But like a species threatened by climate change, politics shifted and by the late 1980s Seattle began to harden into a one-party town. GOP office holders from Seattle became as rare as the prehistoric ground sloths that are occasionally unearthed here in ancient bogs.

A photo-op that revived memories of this civic era was last week’s Historylink annual luncheon honoring the life and career of Dan Evans, the Seattle Republican who became the state’s beloved governor for three consecutive terms after his election in 1964. The event, at the Fairmont Olympic downtown, featured a room full of liberals like Mike Lowry, Gary Locke, Greg Nickels, Norm Rice and Charles Royer joined by Republicans like former Sen. Slade Gorton, Secretaries of State Ralph Munro, Sam Reed and Kim Wyman dining, remembering, dining and applauding together.

The event marked Evans’ 90th birthday and the 50th anniversary year of his 1965 inauguration. Evans was an environmentalist—he insists today that he is conservative but that “conservation” derives from the same root. He helped found and was later president of the alternative Evergreen State College (my alma mater). Evans embraced the Vietnamese “boat people” refugees and under his leadership Washington took in thousands. Evans also embraced the “third rail” idea of a state income tax, but the plan was defeated twice at the polls. Evans still argues that it was the wiser course and would have raised billions more annually than our current tax system.
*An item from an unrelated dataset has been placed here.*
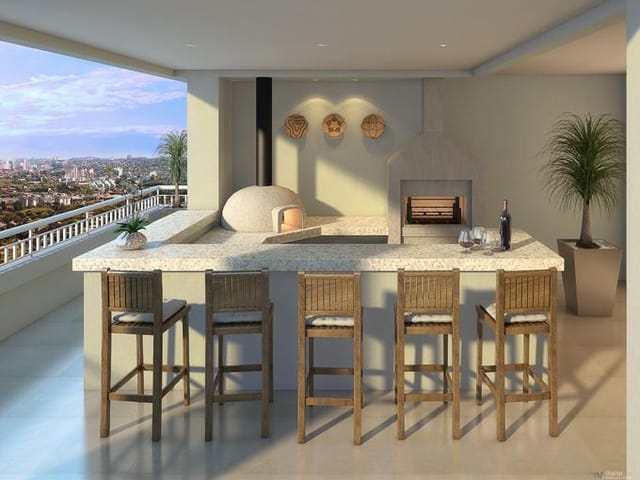 Foto do Apartamento - Apartamento à venda 2 Quartos, 1 Suite, 1 Vaga, 100M², Belenzinho, São Paulo - SP | Le Champ | ZONA LESTE IMÓVEIS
It all sounds like a distant Camelot. A conservative heading a hippie college, pushing for progressive taxation, expanding wilderness areas, and refusing to build a wall to keep immigrants out? Very un-2016.

The term “Evans Republican” came to mean a kind of sensible, green moderate progressivism that could work in a bipartisan way. Evans still has his vigor and his marbles, and speaks in a calm, deliberate, intelligent and statesman-like way with dry humor that, if anything, not only redefines what is possible in politics, but redefines what it means to be 90.

The term “Evans Republican” is nearly lost today. King County Port Commissioner Bill Bryant who is running for governor as a Republican, would like to carry that mantle into a race with Gov. Jay Inslee. Bryant was at the luncheon and has been endorsed by Evans—whether that blessing matters to an electorate that doesn’t remember the old days is another matter, but it might help among the gray-haired set. Bryant was reassured that his low identity numbers statewide were slightly better than Evans’ were when he started out, a reminder that leaders aren’t inevitable, they are made.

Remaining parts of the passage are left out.